The problem that you continue to fail to comprehend is that the 'birth' IN something was not a physical location.....
but a political affiliation
One cannot be born INTO something unless one already has a PRIOR connection to it
That's true for our country:
Greisser was born in the state of Ohio in 1867, his father being a German subject, and domiciled in Germany, to which country the child returned. After quoting the act of 1866 and the fourteenth amendment, Mr.
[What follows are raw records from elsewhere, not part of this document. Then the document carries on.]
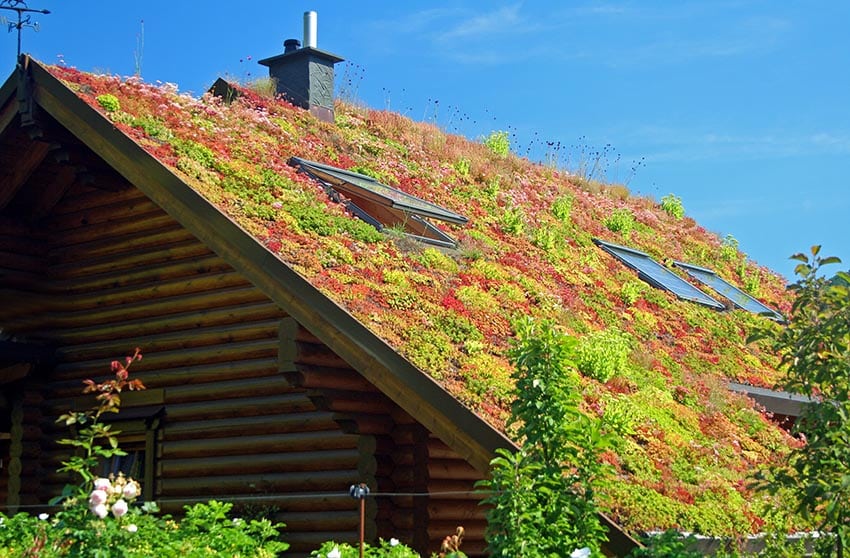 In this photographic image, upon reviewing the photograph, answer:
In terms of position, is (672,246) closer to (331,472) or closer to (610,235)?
(610,235)

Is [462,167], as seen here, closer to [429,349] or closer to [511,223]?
[511,223]

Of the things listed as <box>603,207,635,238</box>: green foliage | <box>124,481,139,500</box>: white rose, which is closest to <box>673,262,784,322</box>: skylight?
<box>603,207,635,238</box>: green foliage

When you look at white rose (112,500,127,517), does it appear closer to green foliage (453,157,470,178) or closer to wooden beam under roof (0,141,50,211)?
wooden beam under roof (0,141,50,211)

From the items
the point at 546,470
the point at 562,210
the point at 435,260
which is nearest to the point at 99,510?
the point at 546,470

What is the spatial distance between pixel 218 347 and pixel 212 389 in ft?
1.69

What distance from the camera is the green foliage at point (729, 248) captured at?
22938mm

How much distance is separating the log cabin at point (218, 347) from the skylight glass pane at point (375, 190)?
0.05 m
Secretary Bayard said: 'Richard Greisser was, no doubt, born in the United States, but he was on his birth 'subject to a foreign power,' and 'not subject to the jurisdiction of the United States.' He was not, therefore, under the statute and the constitution, a citizen of the United States by birth; and it is not pretended that he has any other title to citizenship.'
A Digest of the International Law of the United States , 1887 / Chapter VII, Page 183
AS WELL AS the laws of others:
2. Every person who, having been born outside Kenya is on llth December, 1963 a citizen of the United Kingdom and Colonies or a British protected person shall, if his father becomes, or would but for his death have become, a citizen of Kenya by virtue of subsection (1). become a citizen of Kenya on 12th December. 1963.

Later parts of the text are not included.